Arc One: Welcomings - Libraries, Rubies and Flanks

I shall continue my little tale on the proceeding morning. That being, sometime after I entered school, I found out that I had been assigned the worst seat in class—front row, spitting distance from the teacher’s desk, and that the person behind me was an air-headed ingrate of a filly that liked to kick at the back of people’s chairs, notably, mine.

Now, it’s not all bad. The desks that we are provided are not actually desks, but interfaces to the school’s server computer that fold out of the floor along with our seats; they even make a gnarly Star Trot-ish sound as they do so.

Of course, having one’s own computer in class would usually mean that some idle moments would be wasted playing video games. But, as aforementioned, I’m in the front row. And some of the other level one drop-outs in my class are flank-kissing dweebs.

I won’t go in depth about how dreadfully lame school is, how boring Miss Bearskin our teacher is, or how the first few hours in the new classroom dragged on in a big display of foreshadowing the rest of my school year, but I will touch on one thing, one strange event that happened during one of the few intermissions.

Some of the not-so-fine-looking girls behind me were whispering to one another. You know that particular kind of whisper a girl can do that manages to cross the entire room and reach the ear of every pony in a kilometre radius, while still somehow conveying that you shouldn’t be listening?

Yeah, that kind.

“I know! I got one of the letters last night too, it was awesome!” said airhead Numero One.

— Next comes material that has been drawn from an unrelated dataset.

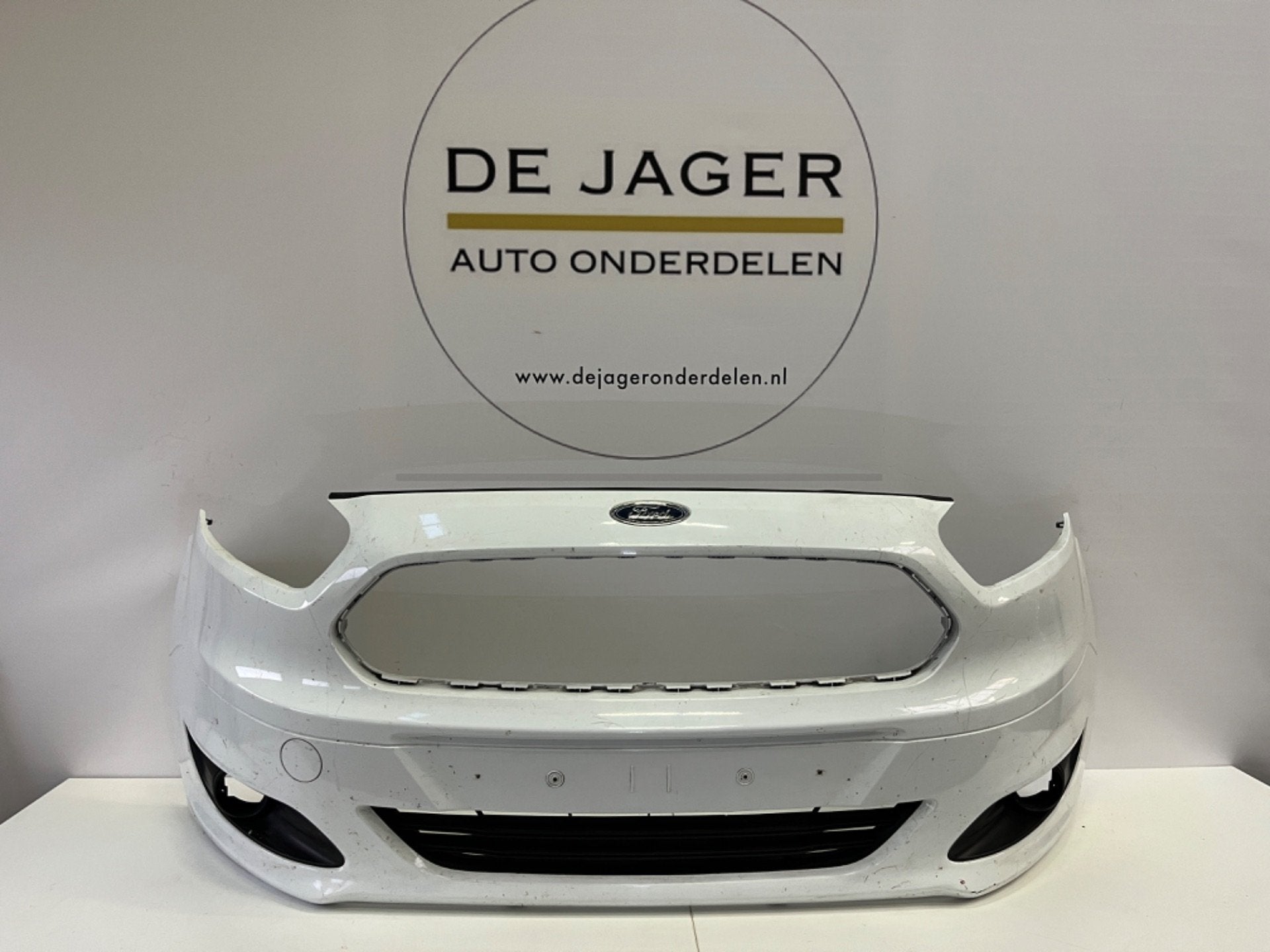 FORD TRANSIT COURIER 2 VOORBUMPER BUMPER 2012-, Auto-onderdelen, Gebruikt, Voor, Info@ford.com, Ophalen of Verzenden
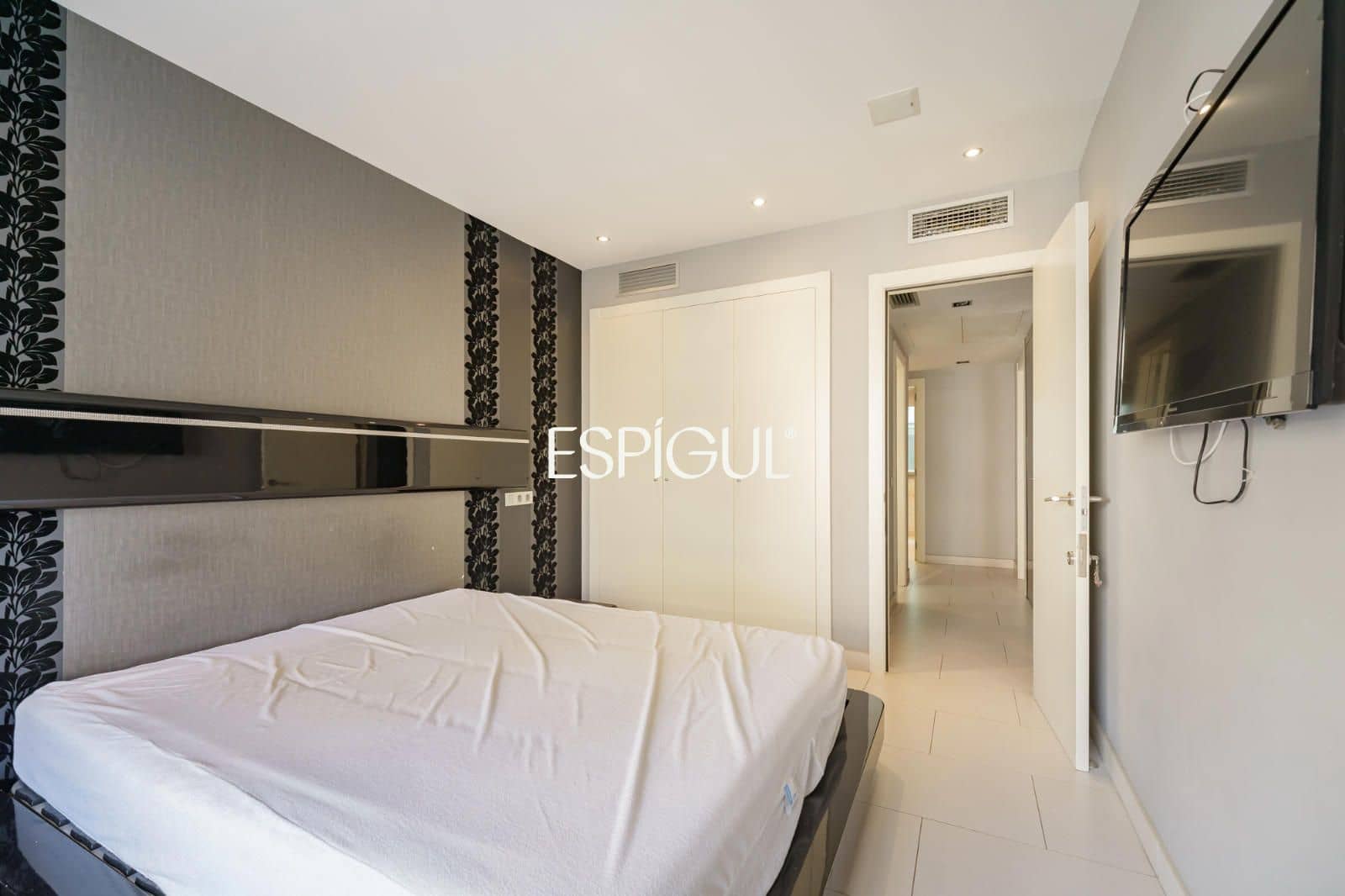 4 slaapkamer Flat te koop in Barcelona stad met garage - € 1.590.000 (Ref: 10170293)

Numero Two leaned in closer. “Me too! And, I got to see the Great Protagonist, in pony.”

They k’awwed.

I almost puked.

“Well, are you going to go to the gathering tonight? I heard that it’s going to be, like, super risky to go there,” said Numero One.

Airhead Three nodded. “I know, but it’s going to be so awesome. I heard, and this is the truth, I heard it from my cousin’s brother’s boyfriend’s aunt’s best friend from childhood. Anywho, they’re saying that they can increase your level there. Tell you how to become way stronger, too, and they’re talking about bringing down the entire level system in the school.”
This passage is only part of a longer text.